Target specification bias persists undetected largely due to an overly technical and simplistic conception of accuracy currently prevalent in supervised ML. This ‘label-matching’ conception takes accuracy to strictly track matches (or distances) between predictions and labels. This conception underlies all commonly used accuracy measures in supervised ML, such as precision, recall, area under curve, F1 score, and mean squared error. Such metrics neglect that labels – even reliable and representative – can be poor benchmarks for assessing the accuracy of counterfactual predictions. Yet counterfactual predictions are the kinds of predictions decision-makers typically care about. The upshot is that model accuracy is often overestimated and reported as being higher than the model’s performance in the use cases which decision-makers will employ them for.
How can target specification bias be mitigated?
There is good news: much can be done to mitigate target specification bias. On a conceptual level, alternative conceptions of accuracy are available. Specifically, metrology has a long-standing tradition of thinking about accuracy in counterfactual terms. Metrology, the science of measurement, employs idealized models of instruments, such as clocks and thermometers, and uses such models to evaluate their accuracy. Such models appeal to background causal knowledge to predict the instrument’s indications in the absence of extrinsic influences. The successful standardization and reproducible measurement of physical quantities such as time, length, and mass are largely due to this counterfactual way of thinking about accuracy.
On a practical level, the paper identifies several lessons supervised ML can learn from metrology about evaluating model accuracy and mitigating target specification bias.
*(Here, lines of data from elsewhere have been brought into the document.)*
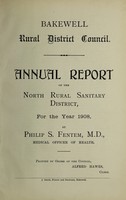 view [Report 1908] / Medical Officer of Health, Bakewell R.D.C. Northern Division.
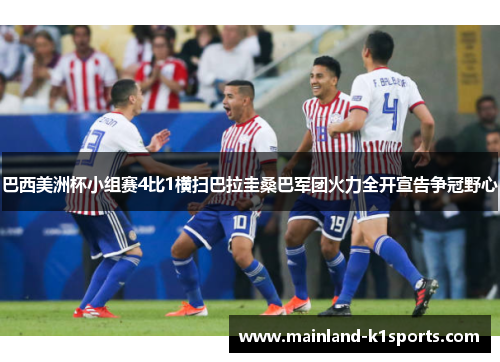 巴西美洲杯小组赛4比1横扫巴拉圭桑巴军团火力全开宣告争冠野心 巴西美洲杯小组赛4比1横扫巴拉圭桑巴军团火力全开宣告争冠野心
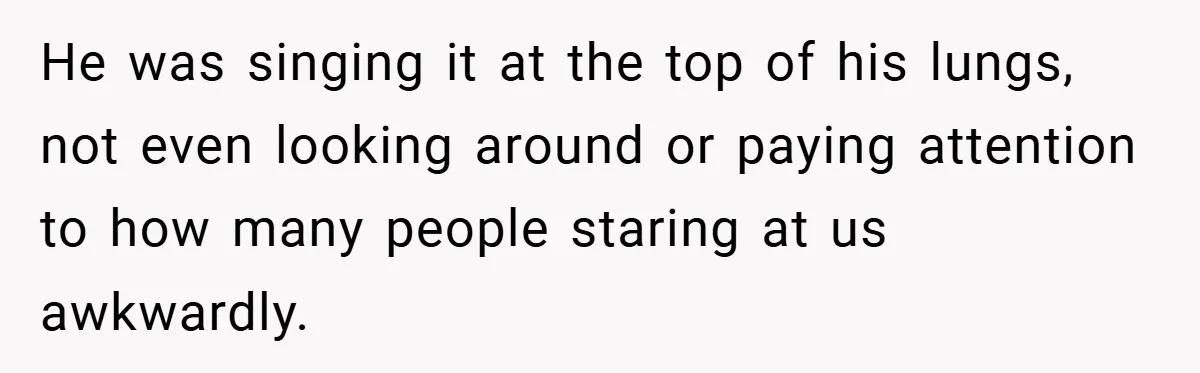 He was singing it at the top of his lungs, not even looking around or paying attention to how many people staring at us awkwardly.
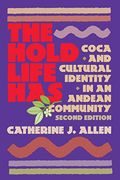The Hold Life Has: Coca And Cultural Identity In An Andean Community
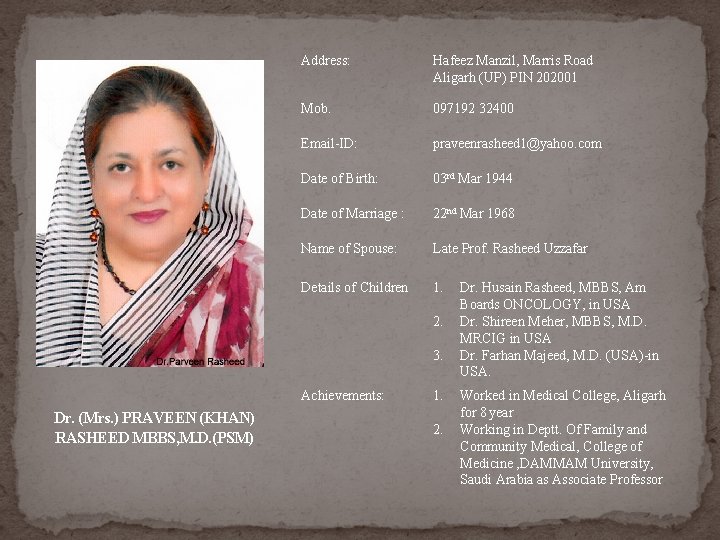 Address: Hafeez Manzil, Marris Road Aligarh (UP) PIN 202001 Mob. 097192 32400 Email-ID: praveenrasheed Address: Hafeez Manzil, Marris Road Aligarh (UP) PIN 202001 Mob. 097192 32400 Email-ID: praveenrasheed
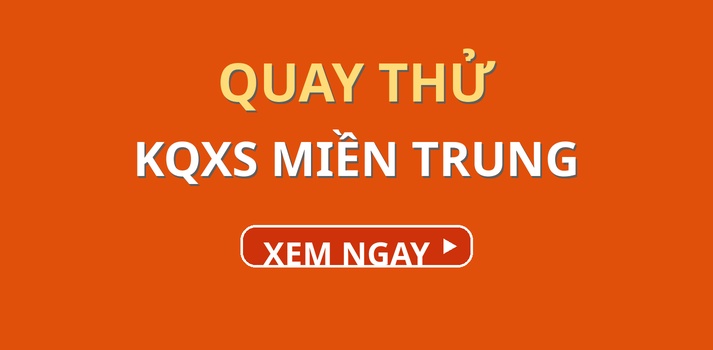 Quay thử XSMT 8/10/2026 - Quay thử miền Trung hôm nay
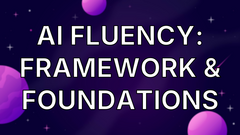 AI Fluency: Framework &amp; Foundations image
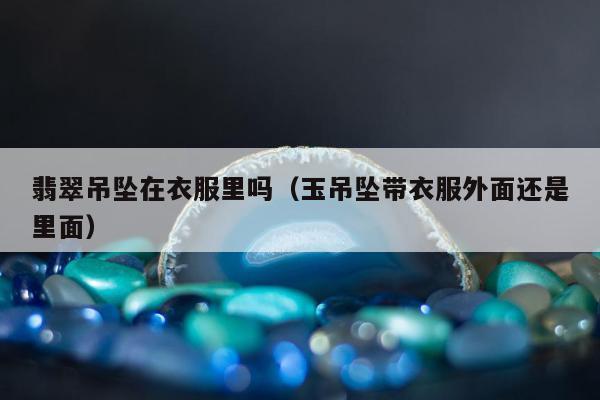 翡翠吊坠在衣服里吗，玉吊坠带衣服外面还是里面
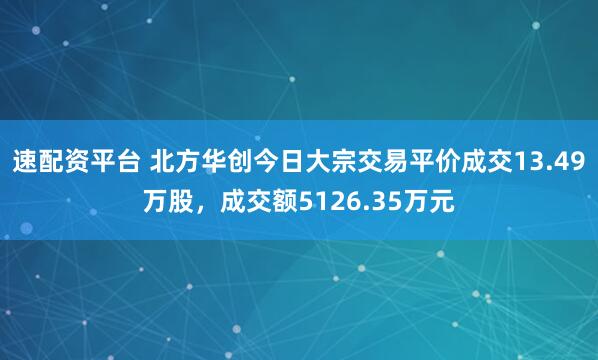 速配资平台 北方华创今日大宗交易平价成交13.49万股，成交额5126.35万元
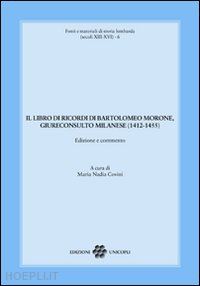 covini maria nadia (curatore) - il libro dei ricordi di bartolomeo morone, giureconsulto milanese (1412-1455)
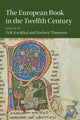 Book cover of: European Book in the Twelfth Century. By: Erik Kwakkel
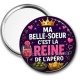 Miroir de poche - ma belle s?ur c'est la reine de l'apéro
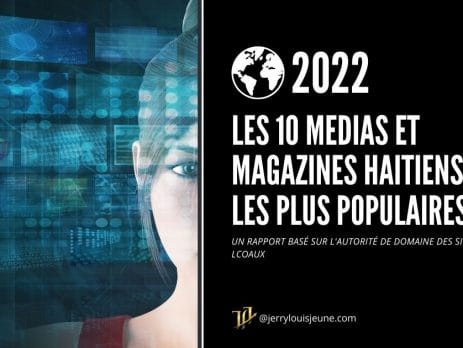 LES 10 MEDIAS ET MAGAZINES HAITIENS LES PLUS POPULAIRES - JLJ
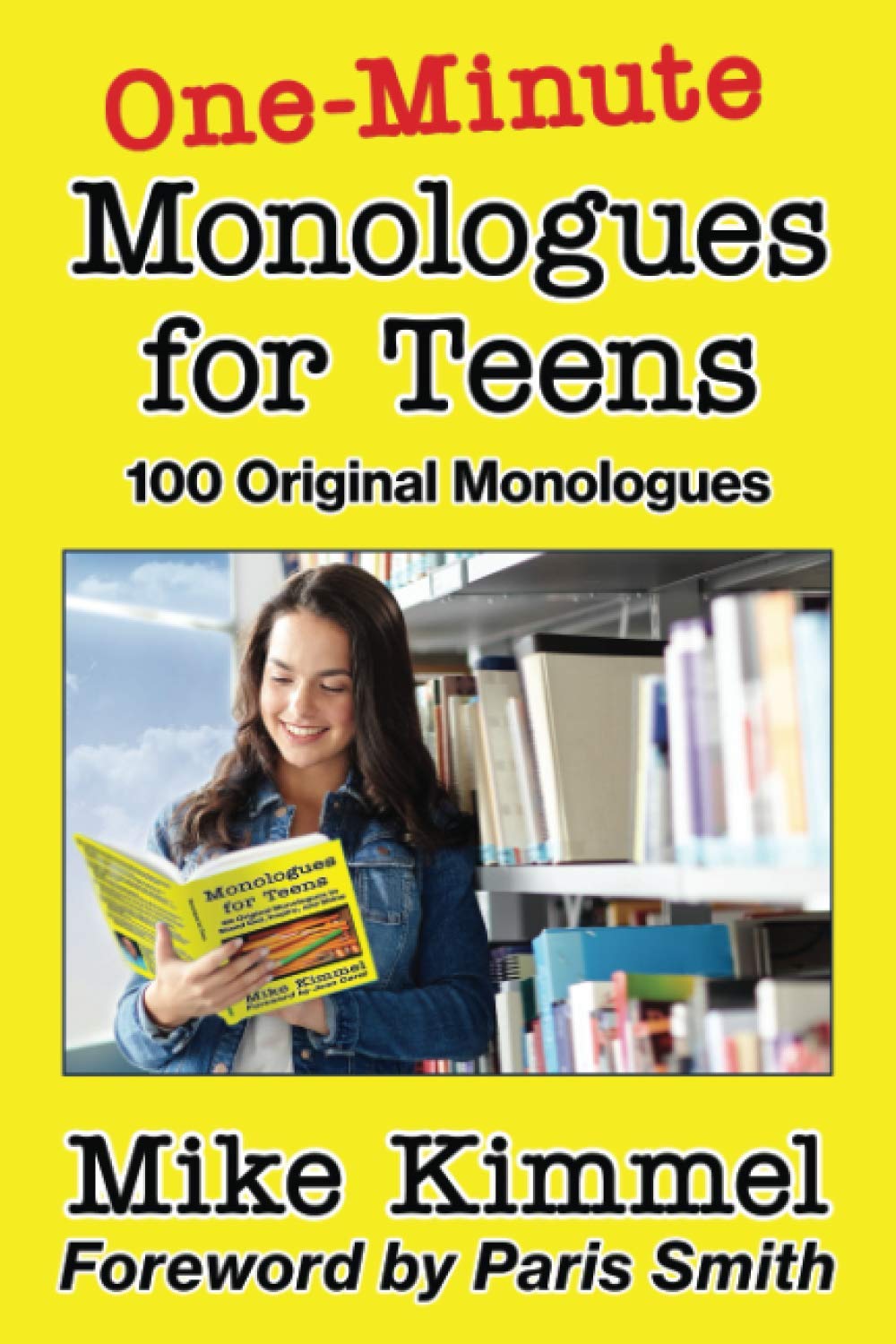 OneMinute Monologues for Teens: 100 Original Monologues (The Young Actor Series),Used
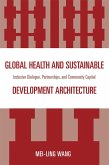 Global Health and Sustainable Development Architecture (eBook, PDF)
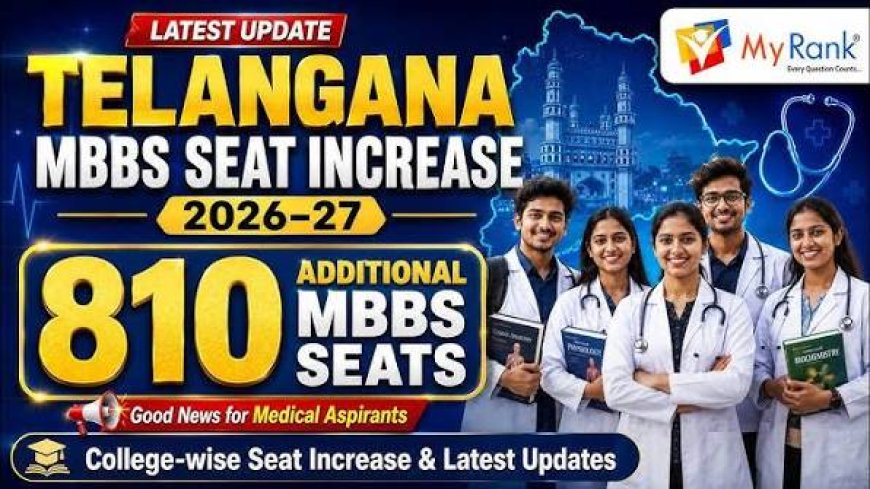 Telangana govt, private colleges to get 810 more MBBS seats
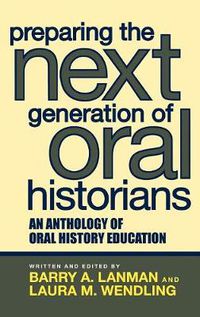 Cover image for Preparing the Next Generation of Oral Historians: An Anthology of Oral History Education
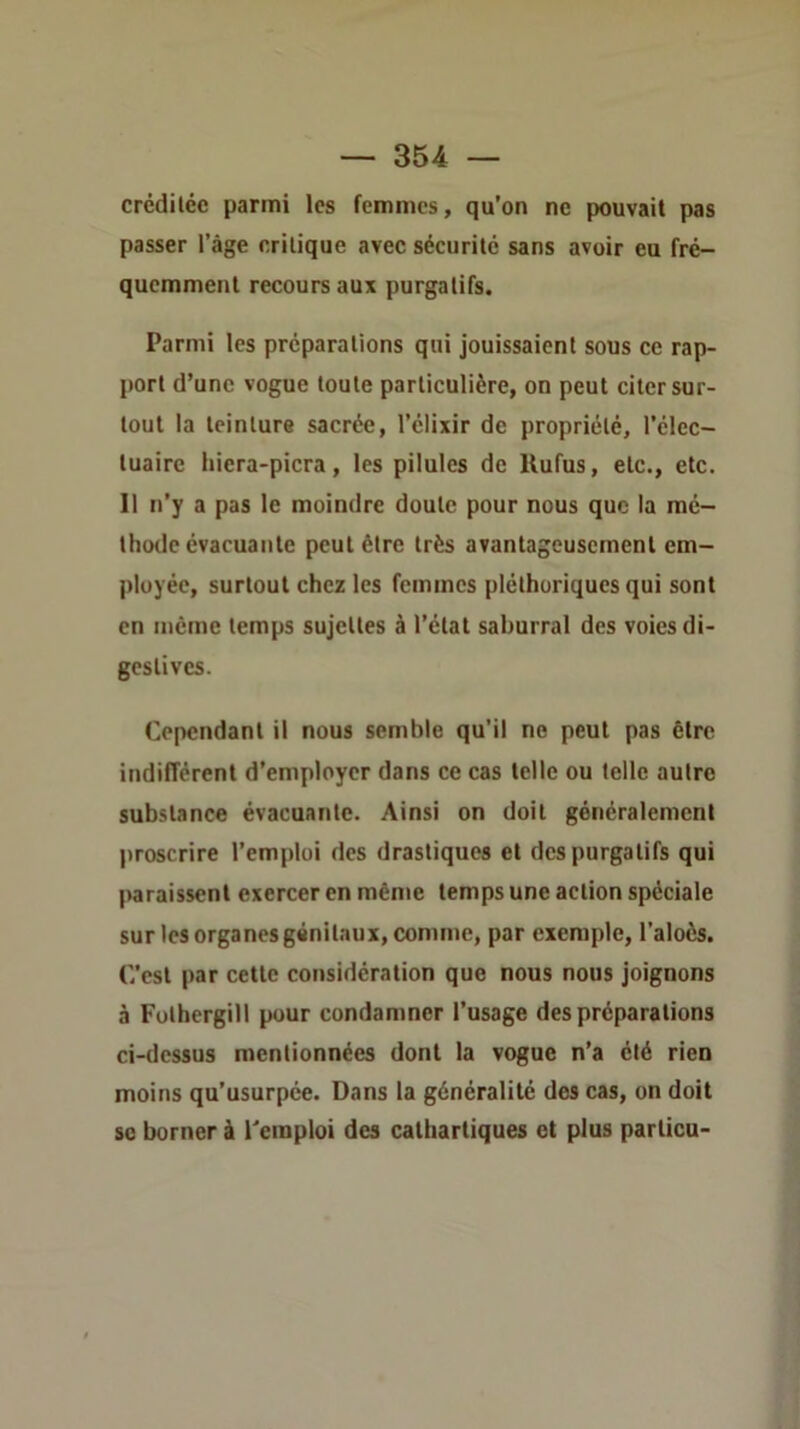 crcdilée parmi les femmes, qu’on ne pouvait pas passer l’àge critique avec sécurité sans avoir eu fré- quemment recours aux purgatifs. Parmi les préparations qui jouissaient sous ce rap- port d’une vogue toute particulière, on peut citer sur- tout la teinture sacrée, l’clixir de propriété, l’élec- tuaire hiera-picra, les pilules de Ilufus, etc., etc. Il n’y a pas le moindre doute pour nous que la mé- thode évacuante peut être très avantageusement em- ployée, surtout chez les femmes pléthoriques qui sont en même temps sujettes à l’état saburral des voies di- gestives. Cependant il nous semble qu’il ne peut pas être indifférent d’employer dans ce cas telle ou telle autre substance évacuante. Ainsi on doit généralement proscrire l’emploi des drastiques et des purgatifs qui paraissent exercer en même temps une action spéciale sur les organes génitaux, comme, par exemple, l’aloès. C’est par cette considération que nous nous joignons à Fothergill pour condamner l’usage des préparations ci-dessus mentionnées dont la vogue n’a été rien moins qu’usurpée. Dans la généralité des cas, on doit SC borner à Remploi des cathartiques et plus particu-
These insights can be combined with existing methods of causal modeling that reveal counterfactual probabilities in the data and with methods for extracting counterfactual information from ML models and presenting this information to users.
Between the lines
Thinking about model accuracy in more sophisticated and user-oriented ways can be helpful beyond the realm of medicine. Such a shift would mark an important step in the maturity of the ML discipline as a whole, from its current exploratory stage toward producing a body of reliable, reproducible evidence for science and policy. A precondition for this sort of shift is a clearer distinction between the internal and external validity of supervised ML models. Internal validation procedures, such as testing models for under- or over-fitting training data, are considered sufficient for evaluating a model’s performance. The degree of fit between predictions and data is called ‘accuracy’ and is reported to users as such. This practice neglects external validation procedures, which are required to test model performance in the ‘wild,’ in light of the tool’s intended purpose, typical use cases, typical input data, and its reception by stakeholders.
Accuracy, as reported to users as a criterion of overall model performance, is an external validity criterion. It needs to be evaluated relative to users’ specifications and meet reproducibility requirements. Further work is needed to develop a framework for evaluating ML model accuracy in the ‘wild’ and reporting it to users in a manner most relevant to their values and goals.